RECORD EXCERPTS:
━━━━

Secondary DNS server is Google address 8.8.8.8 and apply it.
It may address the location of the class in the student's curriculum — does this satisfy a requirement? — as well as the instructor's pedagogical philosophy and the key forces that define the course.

━━━━

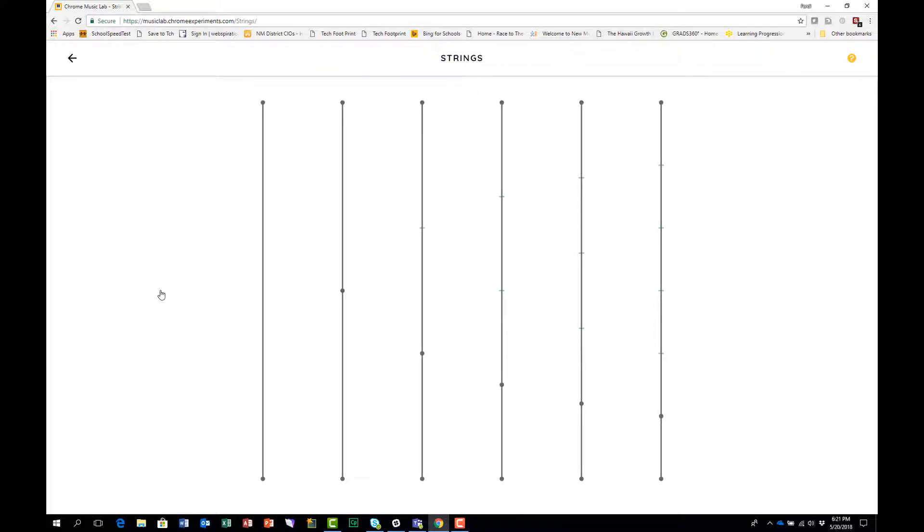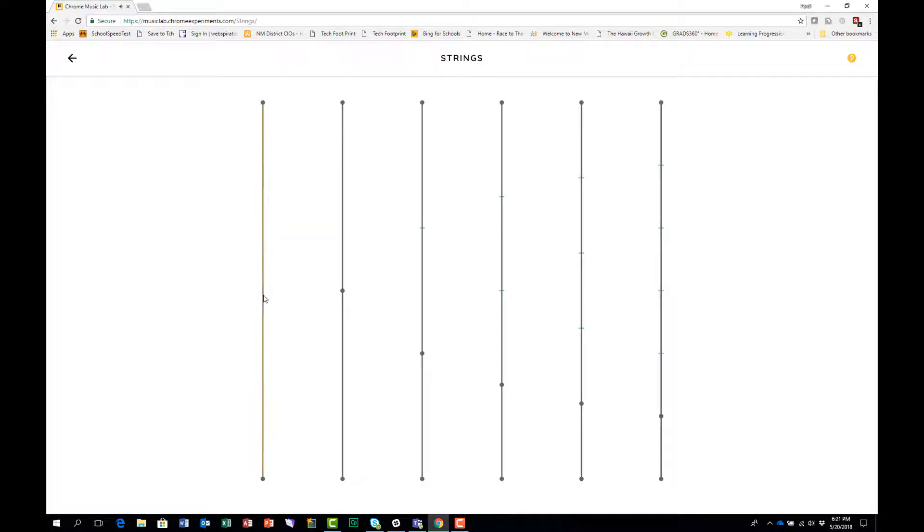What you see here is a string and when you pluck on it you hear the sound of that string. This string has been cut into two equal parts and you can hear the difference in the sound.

━━━━

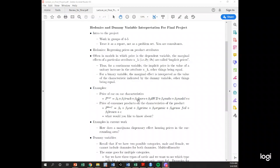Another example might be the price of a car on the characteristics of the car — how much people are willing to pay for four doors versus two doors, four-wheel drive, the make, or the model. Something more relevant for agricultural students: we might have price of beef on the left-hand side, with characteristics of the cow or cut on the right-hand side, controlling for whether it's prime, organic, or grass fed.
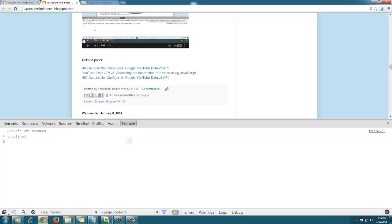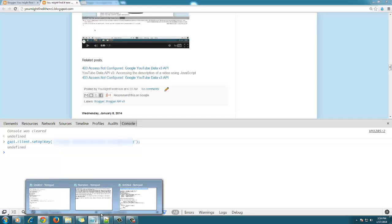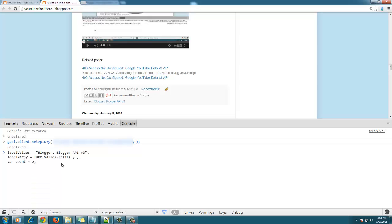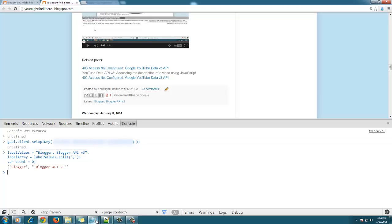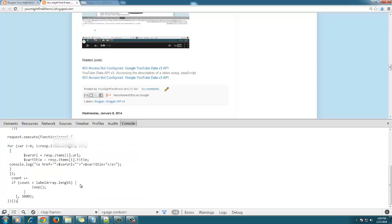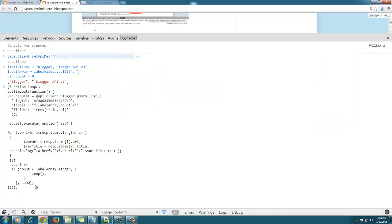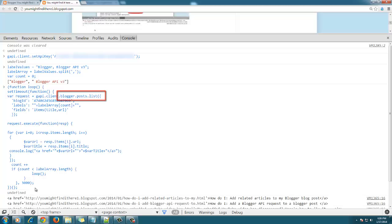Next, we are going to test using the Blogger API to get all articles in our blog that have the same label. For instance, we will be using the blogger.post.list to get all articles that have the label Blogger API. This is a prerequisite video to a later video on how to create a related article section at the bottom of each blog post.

━━━━

PROBLEM DETAILS: For each line in the entries that contains the string "address", make a copy.

ANSWER BOX:
Secondary DNS server is Google address 8.8.8.8 and apply it.
It may address the location of the class in the student's curriculum — does this satisfy a requirement? — as well as the instructor's pedagogical philosophy and the key forces that define the course.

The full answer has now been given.